From its climate to the architecture of its houses to its relatively plain terrain, Skåne County distinguishes itself from the rest of Sweden. Much of this county is occupied by the province of Scania, with a small portion of Halland province as well.

The weather in Sweden’s southernmost county is rather mild compared to others in the same latitudinal position, thanks to the Gulf Stream. Skåne County also enjoys up to 17 hours of daylight during the peak of summer.

Much of Skåne consists of low, fertile agricultural plains, though there are hilly regions in the Bjäre and Kulla peninsulas.

Skåne is known for the half-timbered houses (that is, houses with exposed wood frames) that have sprung up in the county over the centuries. Many of the old homes are still in existence, and more than 300 can be found in the town of Ystad. Skåne also has about 240 castles and country estates dating back to the 11th to 15th centuries.

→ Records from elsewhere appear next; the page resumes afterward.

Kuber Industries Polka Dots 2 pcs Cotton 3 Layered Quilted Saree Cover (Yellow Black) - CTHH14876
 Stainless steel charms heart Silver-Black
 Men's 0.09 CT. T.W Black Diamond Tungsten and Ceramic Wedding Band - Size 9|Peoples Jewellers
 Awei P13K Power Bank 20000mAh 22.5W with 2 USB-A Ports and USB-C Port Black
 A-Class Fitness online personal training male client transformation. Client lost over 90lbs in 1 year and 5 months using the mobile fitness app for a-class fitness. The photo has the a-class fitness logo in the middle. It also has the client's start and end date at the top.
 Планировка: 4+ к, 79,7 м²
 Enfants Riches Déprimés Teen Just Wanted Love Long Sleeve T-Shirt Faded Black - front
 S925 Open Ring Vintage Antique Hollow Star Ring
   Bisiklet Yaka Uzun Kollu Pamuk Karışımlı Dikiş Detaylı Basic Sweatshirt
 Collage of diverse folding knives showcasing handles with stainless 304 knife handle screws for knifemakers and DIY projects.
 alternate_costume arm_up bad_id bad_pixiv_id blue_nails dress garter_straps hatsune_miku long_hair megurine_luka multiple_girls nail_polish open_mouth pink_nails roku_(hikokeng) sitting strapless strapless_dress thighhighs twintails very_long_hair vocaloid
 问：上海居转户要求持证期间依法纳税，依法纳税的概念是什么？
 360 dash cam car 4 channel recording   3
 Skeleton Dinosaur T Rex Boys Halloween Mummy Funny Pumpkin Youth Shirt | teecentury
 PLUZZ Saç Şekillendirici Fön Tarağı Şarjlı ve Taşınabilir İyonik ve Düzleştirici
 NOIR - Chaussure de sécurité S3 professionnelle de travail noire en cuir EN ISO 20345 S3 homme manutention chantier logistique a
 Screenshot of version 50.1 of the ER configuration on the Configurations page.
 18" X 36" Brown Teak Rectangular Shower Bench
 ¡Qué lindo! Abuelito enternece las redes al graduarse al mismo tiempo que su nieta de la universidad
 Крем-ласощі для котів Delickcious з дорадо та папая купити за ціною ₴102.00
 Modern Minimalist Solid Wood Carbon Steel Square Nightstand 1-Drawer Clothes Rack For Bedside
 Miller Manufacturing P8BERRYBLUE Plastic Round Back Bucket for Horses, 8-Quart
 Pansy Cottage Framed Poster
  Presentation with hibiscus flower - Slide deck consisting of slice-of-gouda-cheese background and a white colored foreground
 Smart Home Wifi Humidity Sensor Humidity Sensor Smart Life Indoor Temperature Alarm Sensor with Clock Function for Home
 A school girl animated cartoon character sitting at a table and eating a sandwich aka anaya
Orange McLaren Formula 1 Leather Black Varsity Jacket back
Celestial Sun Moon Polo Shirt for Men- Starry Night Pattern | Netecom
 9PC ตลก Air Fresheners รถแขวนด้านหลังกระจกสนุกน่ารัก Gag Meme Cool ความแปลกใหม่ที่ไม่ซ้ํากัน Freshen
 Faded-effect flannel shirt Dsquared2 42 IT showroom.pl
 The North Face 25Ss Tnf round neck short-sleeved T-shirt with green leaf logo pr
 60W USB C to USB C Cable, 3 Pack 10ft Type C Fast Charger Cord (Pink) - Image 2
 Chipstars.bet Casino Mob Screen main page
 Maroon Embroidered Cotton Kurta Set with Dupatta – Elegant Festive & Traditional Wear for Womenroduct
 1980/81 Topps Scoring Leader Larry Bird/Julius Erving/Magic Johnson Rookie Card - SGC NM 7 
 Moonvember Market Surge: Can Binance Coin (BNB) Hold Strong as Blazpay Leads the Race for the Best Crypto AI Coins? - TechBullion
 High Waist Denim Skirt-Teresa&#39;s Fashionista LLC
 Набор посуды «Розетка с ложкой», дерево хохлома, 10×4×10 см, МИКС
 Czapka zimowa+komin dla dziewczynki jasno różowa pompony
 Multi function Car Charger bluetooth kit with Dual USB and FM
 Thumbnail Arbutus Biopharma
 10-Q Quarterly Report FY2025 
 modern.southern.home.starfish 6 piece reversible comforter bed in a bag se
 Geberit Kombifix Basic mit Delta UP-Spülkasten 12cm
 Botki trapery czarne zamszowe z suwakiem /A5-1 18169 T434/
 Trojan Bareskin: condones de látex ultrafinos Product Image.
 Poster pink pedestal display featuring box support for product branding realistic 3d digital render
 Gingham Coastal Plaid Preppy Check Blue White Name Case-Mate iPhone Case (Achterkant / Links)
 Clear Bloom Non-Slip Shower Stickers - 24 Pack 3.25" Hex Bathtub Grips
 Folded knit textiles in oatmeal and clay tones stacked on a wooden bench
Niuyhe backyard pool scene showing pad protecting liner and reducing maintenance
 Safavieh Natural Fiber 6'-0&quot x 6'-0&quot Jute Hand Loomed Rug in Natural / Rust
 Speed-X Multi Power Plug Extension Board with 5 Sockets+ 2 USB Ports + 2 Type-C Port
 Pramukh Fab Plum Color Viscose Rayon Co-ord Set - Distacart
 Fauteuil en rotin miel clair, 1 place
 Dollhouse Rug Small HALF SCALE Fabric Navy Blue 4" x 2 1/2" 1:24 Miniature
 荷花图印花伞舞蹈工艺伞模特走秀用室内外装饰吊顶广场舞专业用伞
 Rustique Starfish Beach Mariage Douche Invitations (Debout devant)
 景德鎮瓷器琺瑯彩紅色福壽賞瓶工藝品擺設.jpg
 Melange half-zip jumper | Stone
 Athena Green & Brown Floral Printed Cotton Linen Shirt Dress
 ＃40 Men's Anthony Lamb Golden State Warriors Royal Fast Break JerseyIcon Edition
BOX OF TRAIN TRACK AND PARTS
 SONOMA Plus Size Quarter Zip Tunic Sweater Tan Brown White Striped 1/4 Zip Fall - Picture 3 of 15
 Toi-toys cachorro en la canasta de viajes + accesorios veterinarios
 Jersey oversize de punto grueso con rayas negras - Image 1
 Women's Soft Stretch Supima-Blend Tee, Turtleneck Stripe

The multi-cultural city of Malmö is a pocket of cosmopolitan charm in the county of Skåne. It has one of the largest urban populations in Sweden. Malmö once belonged to Denmark, and to this day the character of the city and its residents is more Danish than Swedish. Today, it still maintains its ties to Denmark, thanks to the construction of the Öresund Bridge, which links this city to Copenhagen.

The Western Harbour, Västra Hamnen, is now being turned into an exclusive urban residential area. The homes have self-sustaining features, and are considered feats of architecture and engineering. The Turning Torso, specifically, is a 190-metre residential skyscraper that has become a renowned landmark.